**What you will do**. Each line of the data below should be restated exactly, with images left out.

**Available data**.
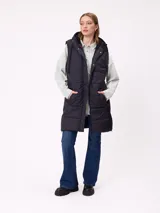 Chaleco largo acolchado color beige, con capucha forrada en sherpa, cierre frontal con cremallera y botones a presión, y bolsillos laterales.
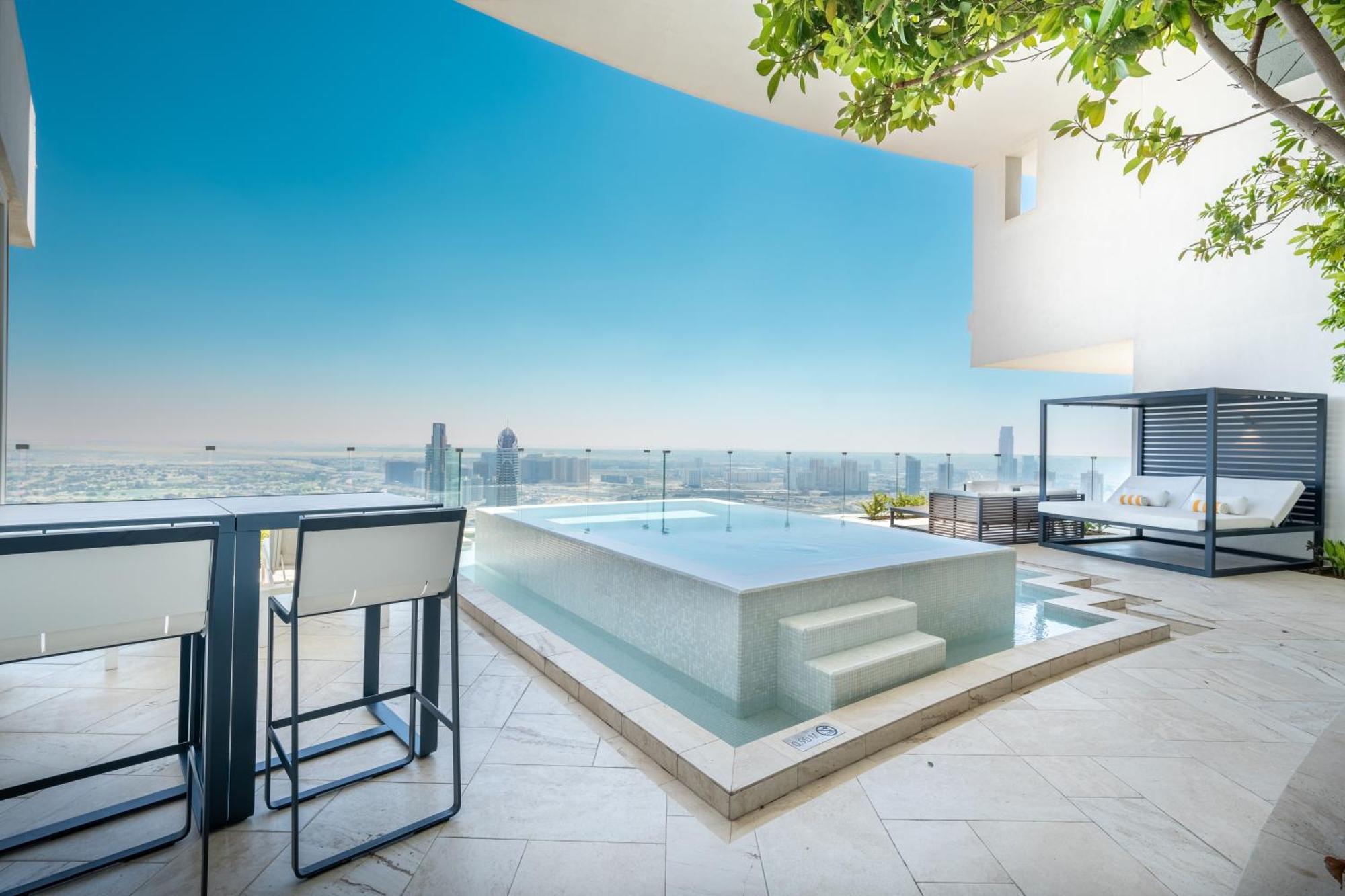 Five Jumeirah Village Дубай Экстерьер фото The photo shows a modern outdoor space featuring a sleek infinity pool. The pool appears to be situated on a terrace with a stunning view of a city skyline or landscape in the background. There are elegant lounge chairs and a shaded cabana area, crea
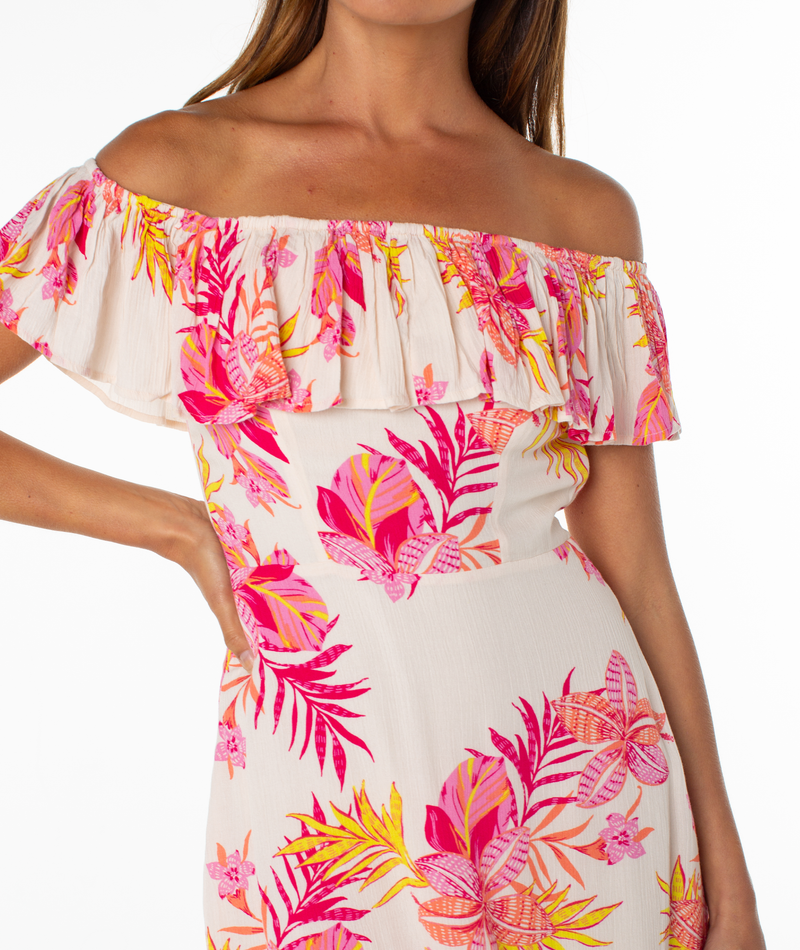 A woman models the Roxy Clear Sky Mini Dress, a white, off-shoulder mini dress with ruffles and pink, orange, and yellow tropical floral patterns. The image is cropped at her shoulders and above the knees, with her left hand on her hip.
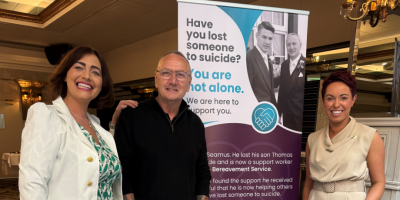 Group of three staff standing in front of bereaved by suicide banner.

**Expected answer**.
 Chaleco largo acolchado color beige, con capucha forrada en sherpa, cierre frontal con cremallera y botones a presión, y bolsillos laterales.
 Five Jumeirah Village Дубай Экстерьер фото The photo shows a modern outdoor space featuring a sleek infinity pool. The pool appears to be situated on a terrace with a stunning view of a city skyline or landscape in the background. There are elegant lounge chairs and a shaded cabana area, crea
 A woman models the Roxy Clear Sky Mini Dress, a white, off-shoulder mini dress with ruffles and pink, orange, and yellow tropical floral patterns. The image is cropped at her shoulders and above the knees, with her left hand on her hip.
 Group of three staff standing in front of bereaved by suicide banner.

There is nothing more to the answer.